Further improving the simple net in Keras with dropout

Now our baseline is 94.50% on the training set, 94.63% on validation, and 94.41% on the test. A second improvement is very simple. We decide to randomly drop with the dropout probability some of the values propagated inside our internal dense network of hidden layers. In machine learning, this is a well-known form of regularization.
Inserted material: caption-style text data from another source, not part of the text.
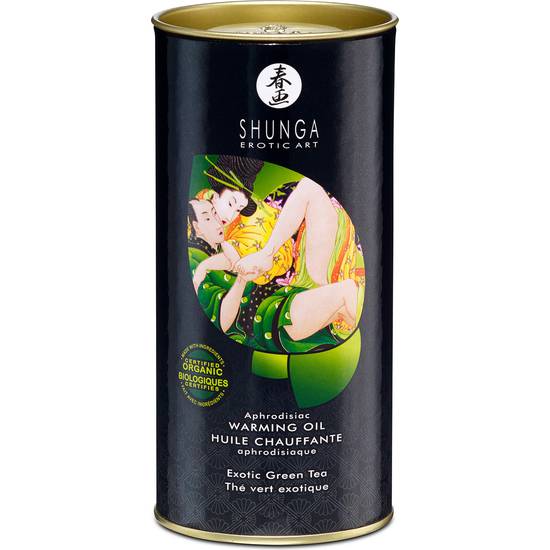 SHUNGA ACEITE EFECTO CALOR TE VERDE 100 ML - Sabores - SEXSHOP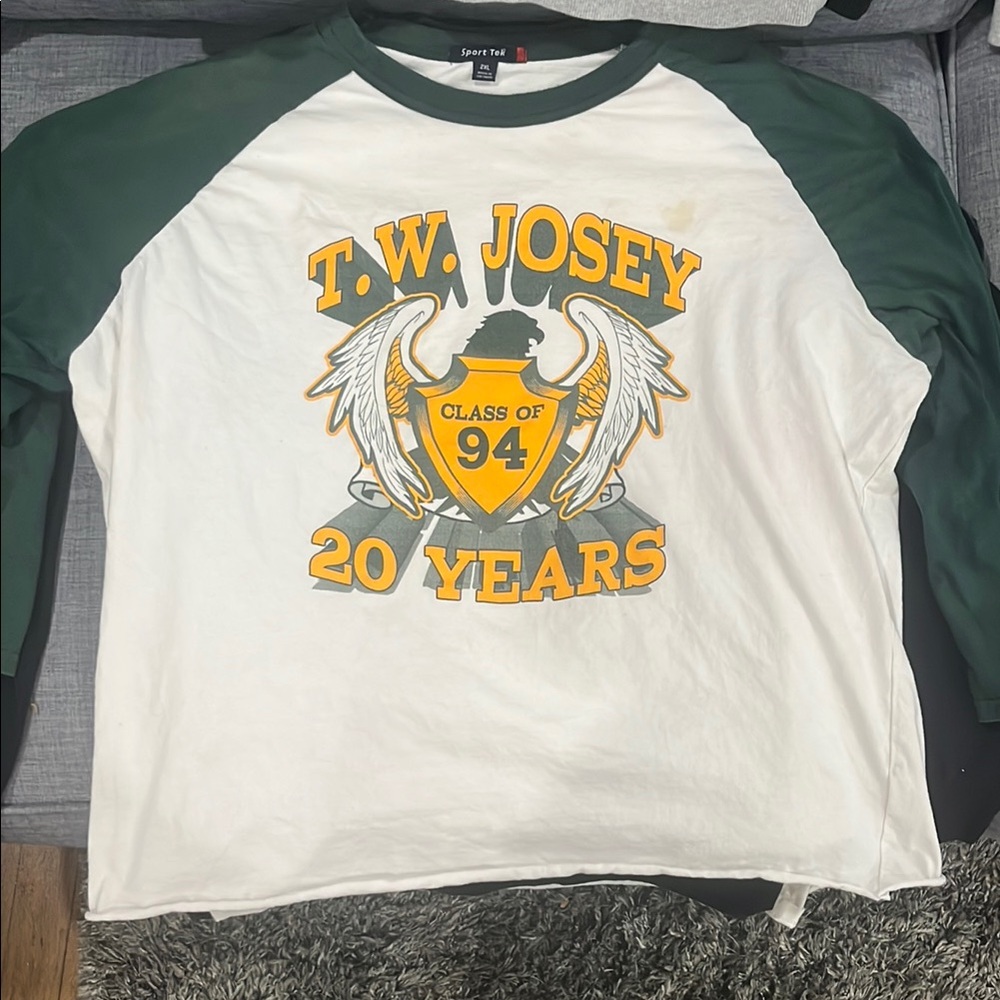 Green and White T.W. Josey Kids Raglan Shirt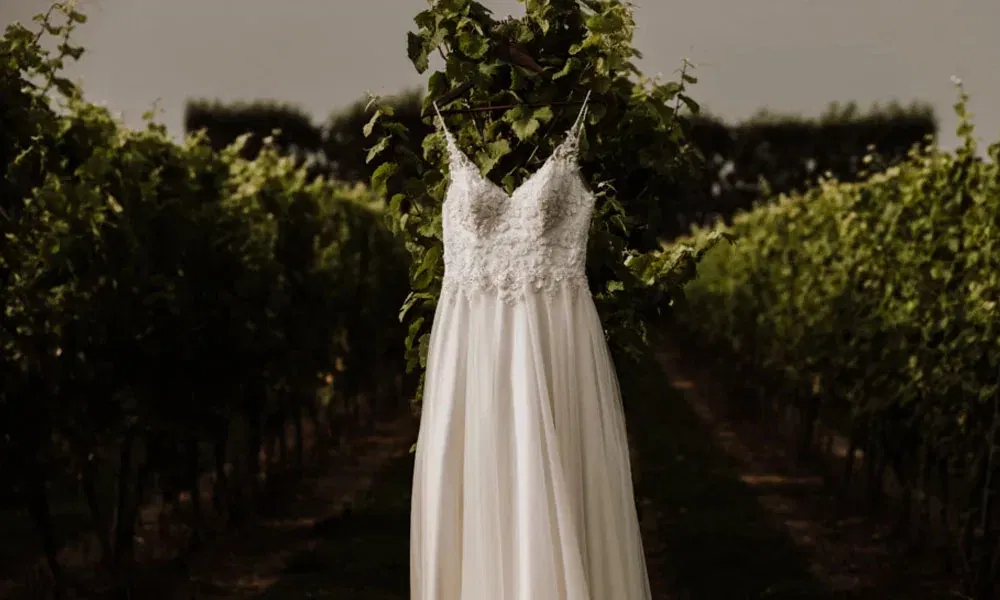 Hängendes Hochzeitskleid mit Tüllrock und Spitze inmitten eines sommerlichen Weinbergs.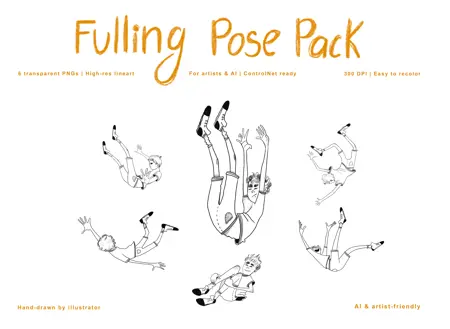 Falling Poses Pack (6 poses) — Lineart by Anastasiia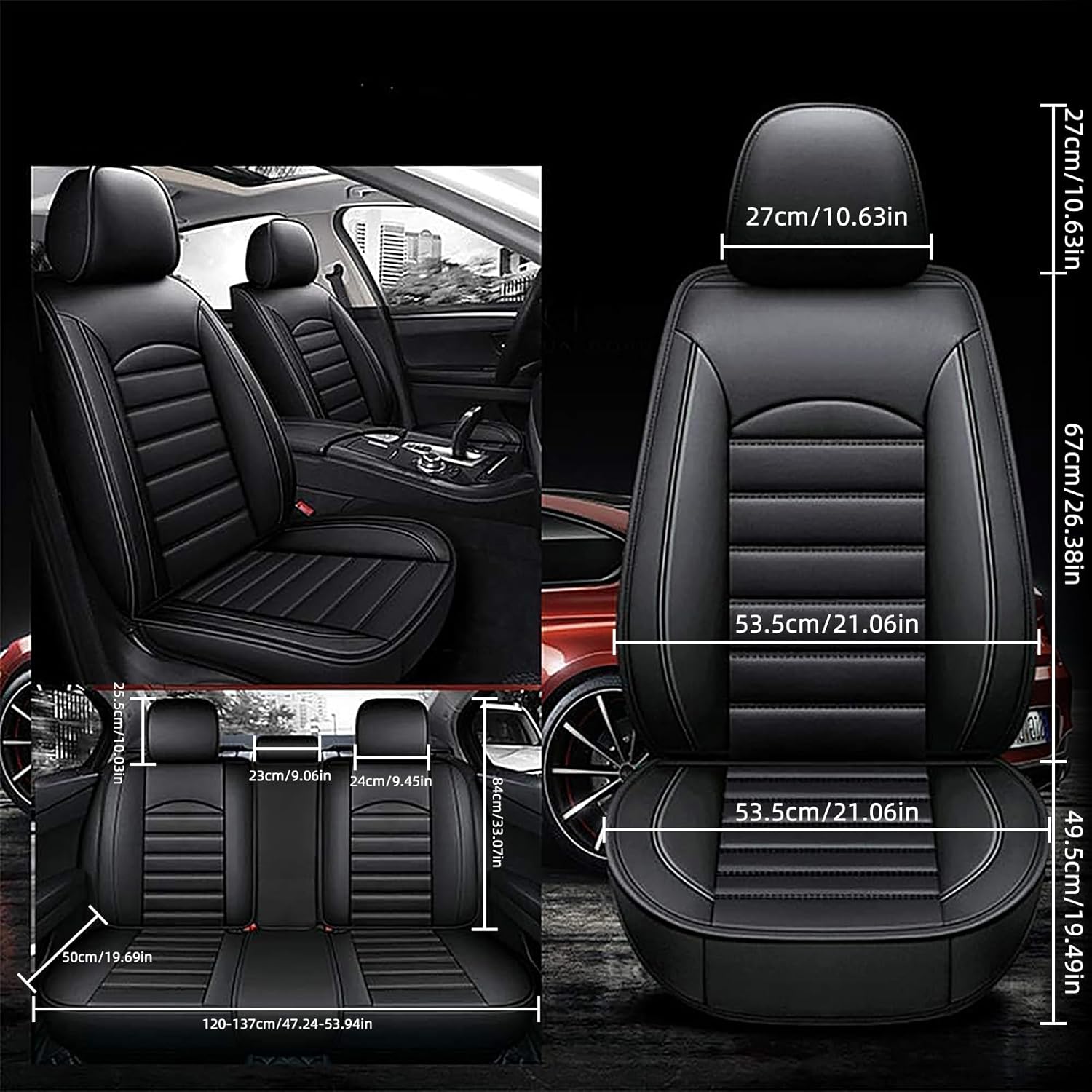 High Elasticity Car Seat Covers Full Set, Waterproof Leather Car Seat Covers, High Resilience Sponge, Anti-Slip Car Seat Cushion Interior Accessories, Seat Cover for Most Cars SUV,Van,Trucks (Black)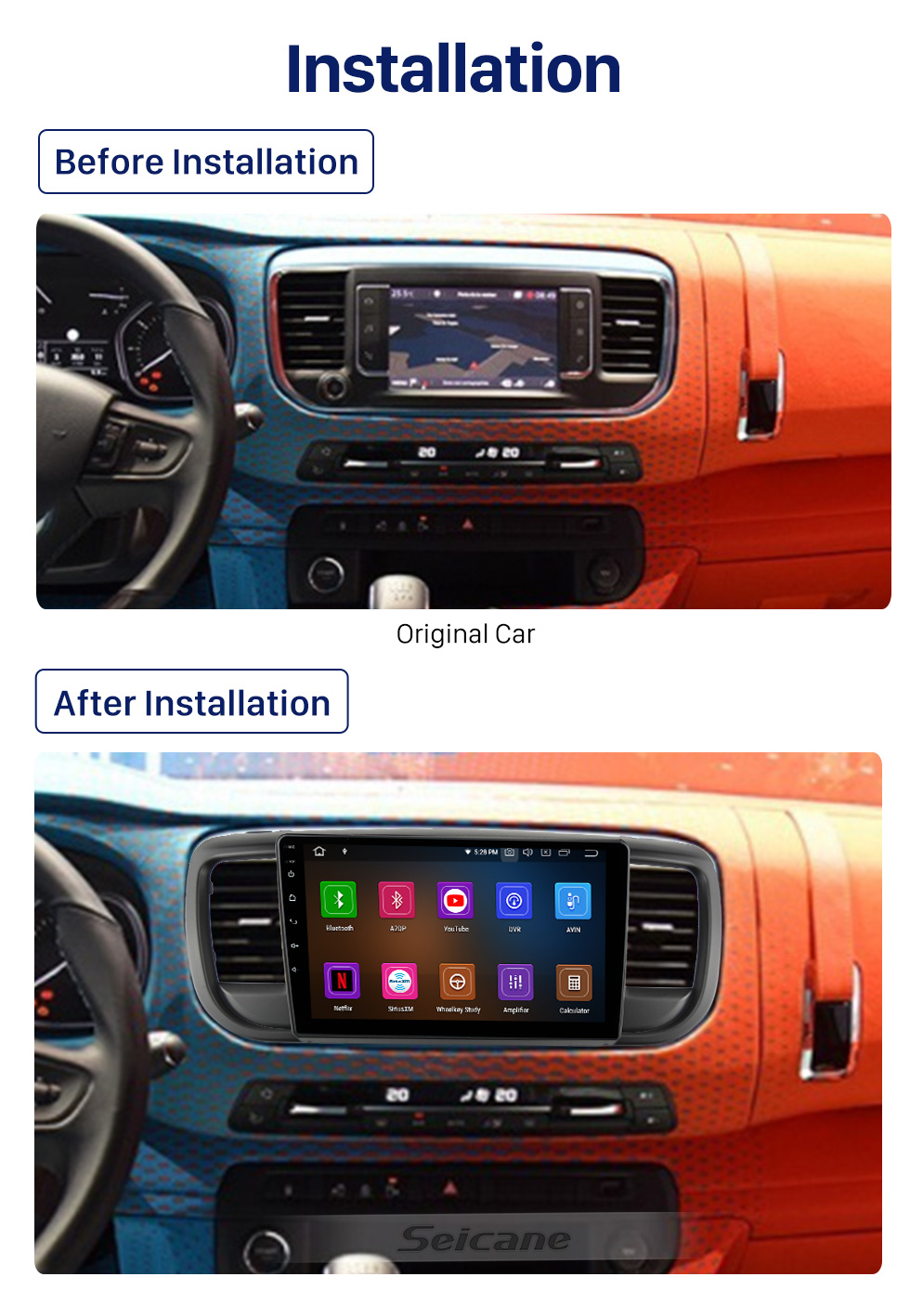 Seicane Android de 7 polegadas 10.0 2001-2008 TOYOTA RAV4 / 2006-2010 Camry / Terios / 2001-2011 Rádio de navegação GPS HILUX com tela sensível ao toque Bluetooth AUX com suporte OBD2 DVR Carplay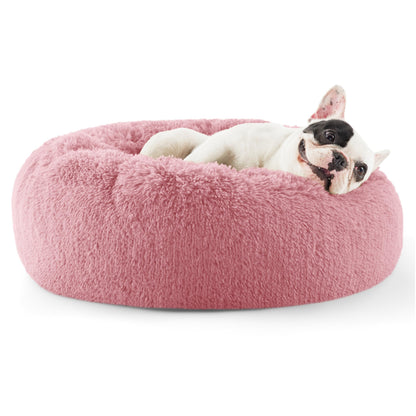 Calming Donut Pet Bed with Washable Faux Fur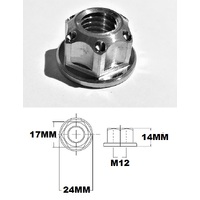 M12X1.25 THREAD TITANIUM FLANGED 17MM HEX FANCY NUT GRADE 5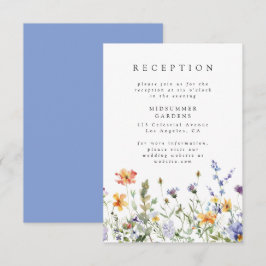 Cartão De Informações Wildflower Garden Wedding Reception Enclosure Card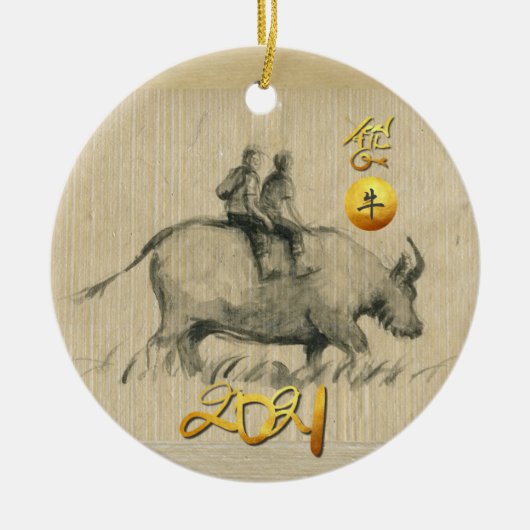 Water Buffalo Kinderen Chinees Ox Jaar 2021 CRO Keramisch Ornament (Voorkant)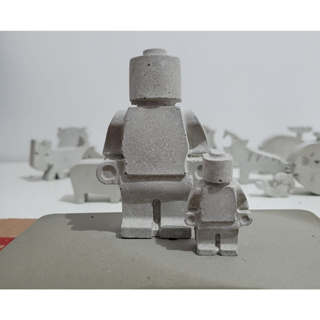 Adorno Robô Blocos de Construções Pai e Filho Decoração - 2 Pçs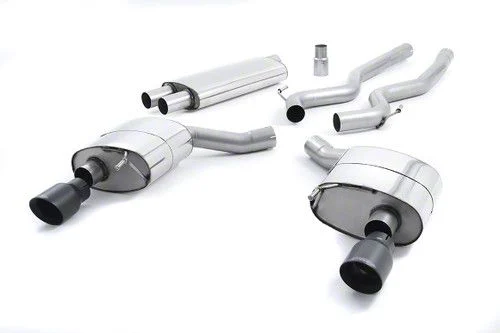 Milltek Dual Outlet Resonated Cat-Back Exhaust System with Cerakote Black Tips (15-23 EcoBoost Mustang Fastback w/o Active Exhaust)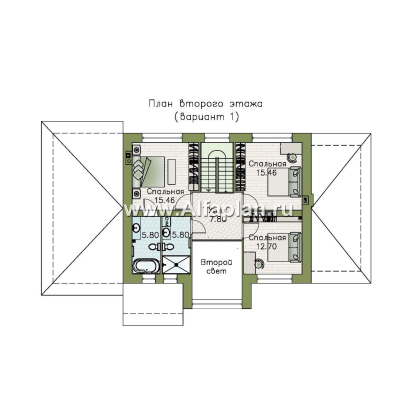 «Компас» - проект двухэтажного дома из газобетона, стеррасой и гаражом, в стиле Райта - превью план дома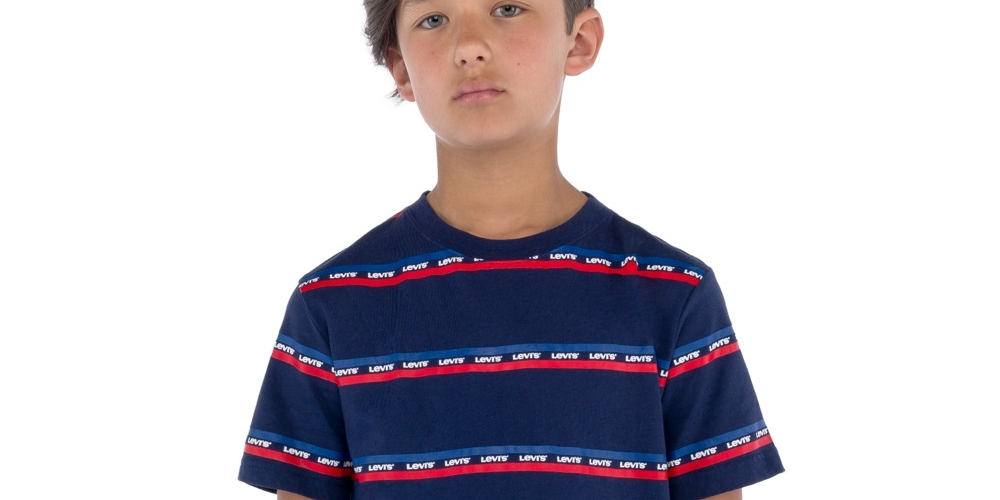 Camiseta Levi's Infantil Menino Listrada com Logotipo Azul Tamanho 2T
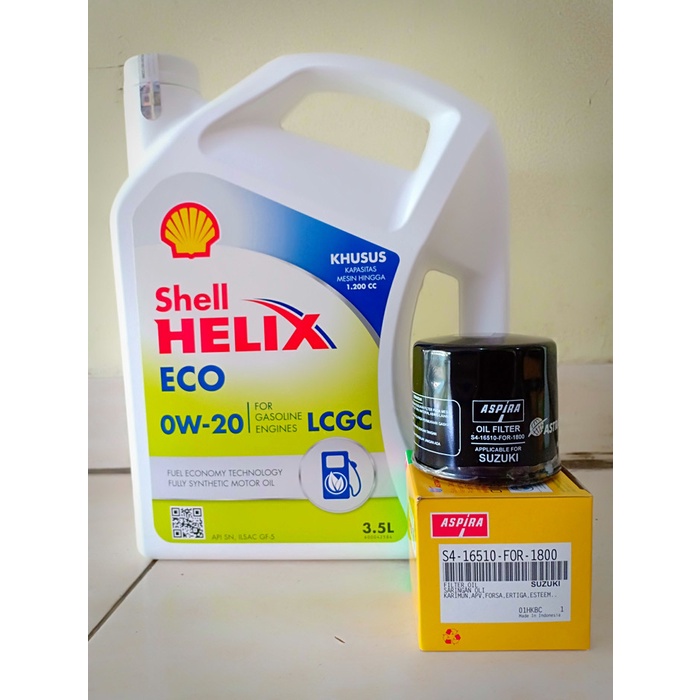 Paket Oli Shell Helix Eco 0W-20 + Filter Oli Suzuki Karimun Wagon R
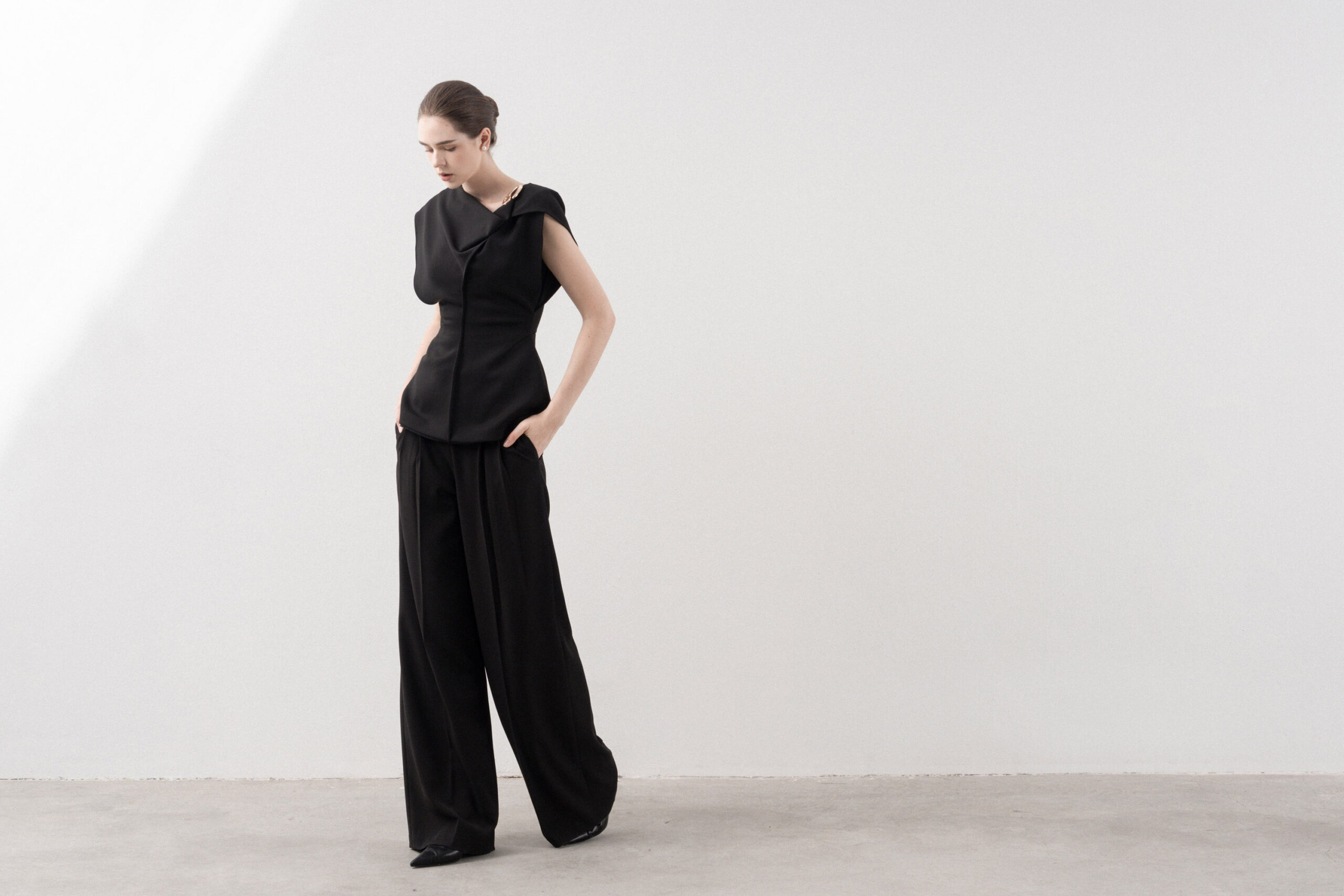 Tegan Asymmetrical Cape Sleeves Blouse - Image 6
Surprisingly enough, this idea of randomly dropping a few values can improve our performance:

from __future__ import print_function
import numpy as np
from keras.datasets import mnist
from keras.models import Sequential
from keras.layers.core import Dense, Dropout, Activation
from keras.optimizers import SGD
from keras.utils import np_utils
np.random.seed(1671) # for reproducibility
# network and training
NB_EPOCH = 250
BATCH_SIZE = 128
VERBOSE = 1
NB_CLASSES = 10 # number of outputs = number of digits
OPTIMIZER = SGD() # optimizer, explained later in this chapter
N_HIDDEN = 128
VALIDATION_SPLIT=0.2 # how much TRAIN is reserved for VALIDATION
DROPOUT = 0.3
# data: shuffled and split between train and test sets
(X_train, y_train), (X_test, y_test) = mnist.load_data()
#X_train is 60000 rows of 28x28 values --> reshaped in 60000 x 784
RESHAPED = 784
#
X_train = X_train.reshape(60000, RESHAPED)
X_test = X_test.reshape(10000, RESHAPED)
X_train = X_train.astype('float32')
X_test = X_test.astype('float32')
# normalize
X_train /= 255
X_test /= 255
# convert class vectors to binary class matrices
Y_train = np_utils.to_categorical(y_train, NB_CLASSES)
Y_test = np_utils.to_categorical(y_test, NB_CLASSES)
# M_HIDDEN hidden layers 10 outputs
model = Sequential()
model.add(Dense(N_HIDDEN, input_shape=(RESHAPED,)))
model.add(Activation('relu'))
model.add(Dropout(DROPOUT))
model.add(Dense(N_HIDDEN))
model.add(Activation('relu'))
model.add(Dropout(DROPOUT))
model.add(Dense(NB_CLASSES))
model.add(Activation('softmax'))
model.summary()
model.compile(loss='categorical_crossentropy',
optimizer=OPTIMIZER,
metrics=['accuracy'])
history = model.fit(X_train, Y_train,
batch_size=BATCH_SIZE, epochs=NB_EPOCH,
verbose=VERBOSE, validation_split=VALIDATION_SPLIT)
score = model.evaluate(X_test, Y_test, verbose=VERBOSE)
print("Test score:", score[0])
print('Test accuracy:', score[1])

Let's run the code for 20 iterations as previously done, and we will see that this net achieves an accuracy of 91.54% on the training, 94.48% on validation, and 94.25% on the test:

Note that training accuracy should still be above the test accuracy, otherwise we are not training long enough. So let's try to increase significantly the number of epochs up to 250, and we get 98.1% accuracy on training, 97.73% on validation, and 97.7% on the test:

It is useful to observe how accuracy increases on training and test sets when the number of epochs increases. As you can see in the following graph, these two curves touch at about 250 epochs, and therefore, there is no need to train further after that point:

Note that it has been frequently observed that networks with random dropout in internal hidden layers can generalize better on unseen examples contained in test sets. Intuitively, one can think of this as each neuron becoming more capable because it knows it cannot depend on its neighbors. During testing, there is no dropout, so we are now using all our highly tuned neurons. In short, it is generally a good approach to test how a net performs when some dropout function is adopted.